Existing home sales in January were up 3.3% sequentially and 3.8% year over year to a seasonally adjusted annual rate of 5.69 million units, following a downwardly revised 5.51 million units in the previous month. Sales surpassed market expectations of 5540 thousand units. Probably, the risk of faster rises in rates pushed potential buyers to enter into the market.

Investors should note that existing home sales rose for three months in a row before falling in December. This along with rising rate expectations probably took the sector to the bottom 26% segment of the Zacks Industry Universe.
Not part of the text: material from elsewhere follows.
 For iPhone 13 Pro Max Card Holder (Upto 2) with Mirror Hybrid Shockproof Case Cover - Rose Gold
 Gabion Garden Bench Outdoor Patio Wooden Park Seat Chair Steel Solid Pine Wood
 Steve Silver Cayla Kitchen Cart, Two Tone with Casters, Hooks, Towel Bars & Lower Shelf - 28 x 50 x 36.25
Higher mortgage rates, thanks to the Fed’s policy tightening stance, and Trump’s promise of fiscal reflation and increasing home prices mainly due to record low inventories led to the lower industry rank. Homes available for sale dropped 7.1% compared with the year- ago period despite a steep price hike (up 7.1%) (read: Yellen Hints at Faster Rate Hikes: 4 ETFs to the Rescue).

Are There Any Downside Risks Ahead?

The latest data indicate that a solid labor market is actually keeping the housing market steady, though high prices are still an obstacle. Also, Trump and Fed are responsible for a recent uptick in bond yields, which made mortgage payments costlier (read: Why Are Active Fixed Income ETFs Flushing the Market?).
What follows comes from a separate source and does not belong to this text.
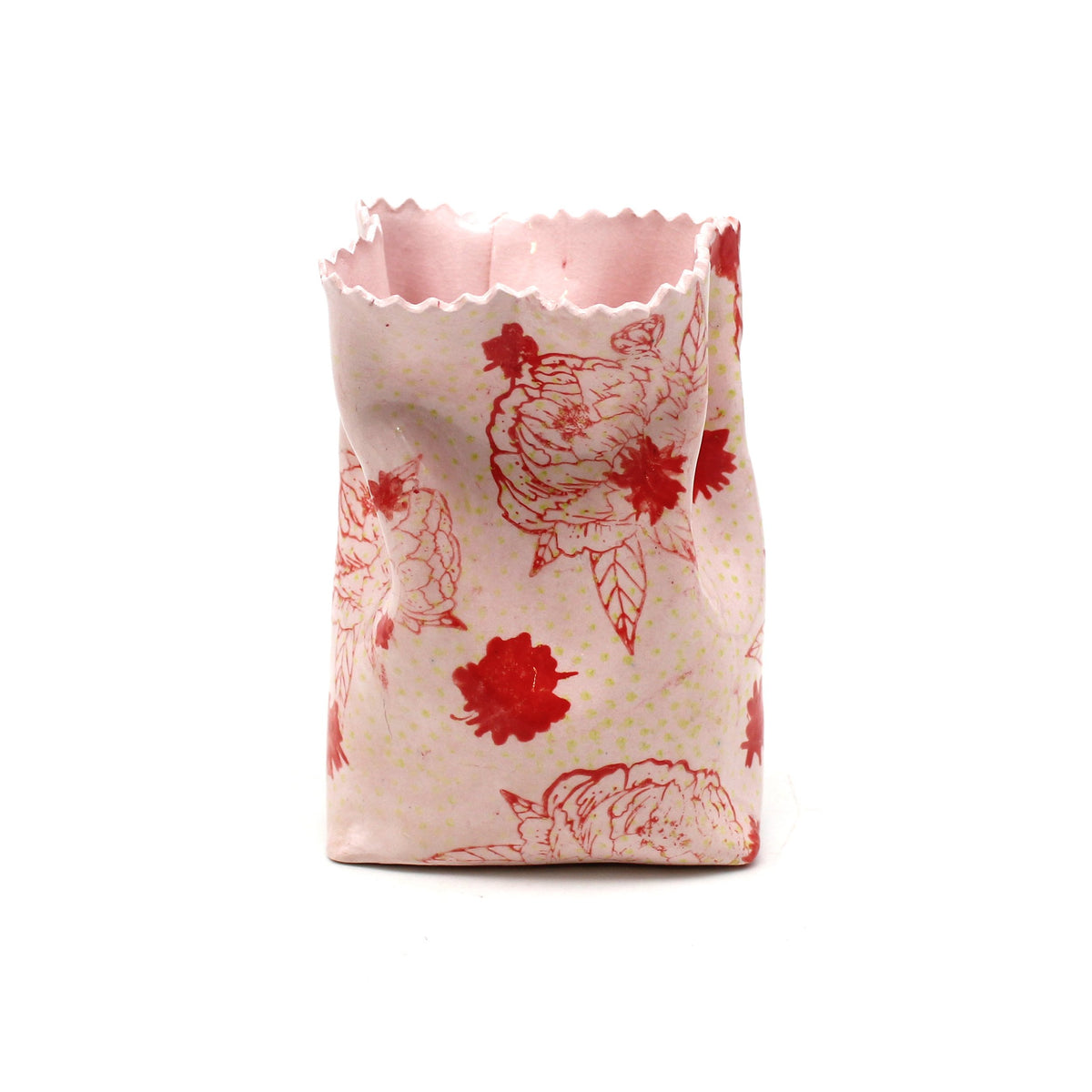 Pink Flowered Medium Porcelain Bag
As per CNBC, the 30-year fixed mortgage rate, which has cooled down lately after shooting up in recent times, still hovers above 4%. On the other hand, annual wage growth is below 3%, which will make it difficult for buyers to pay the higher mortgage rates.

Rates may be on a sharp uptrend if the Fed opts for a faster rate hike this year, citing a pickup in economy, inflation and the job market. As per some analysts, rates may inch up to about 5% by this year end.

Secondly, President Trump’s policies toward immigrants can also be an overhang on the sector. Investors should note that tight home supplies are due to lack of skilled labor and lands. With Trump’s intended clampdown on undocumented immigrants, the sector is likely to be hit hard. This is because of the fact that construction sites employ several undocumented labors.

As per the source, homebuilders like Lennar and Toll Brothers are facing this labor shortage issue, which is weighing on their speed of construction. Recruiting Americans may lead to escalating costs for these companies. In any case, average hourly construction wages are at $28.42 per hour, up 3% over the previous year, marking the fastest clip of yearly increase since 2009.

ETF Impact

Whatever be the case, the negatives are yet to hit the market fully. Plus, we note that it is the start of the key spring selling season and the sector is likely to cross the present hurdles in the near term. Plus, several earnings reports also came in better in the latest reporting cycle (read: What Will Impact Housing ETFs: Strong Earnings or Soft Sales?).

In the last five days (as of February 22, 2017), housing ETFs have done well. These funds include SPDR S&P Homebuilders ETF (XHB - Free Report) and iShares U.S. Home Construction ETF (ITB - Free Report) and PowerShares Dynamic Building & Construction Fund (PKB - Free Report) . So, investors can play the upbeat existing home sales data via these ETFs (see all industrial ETFs here).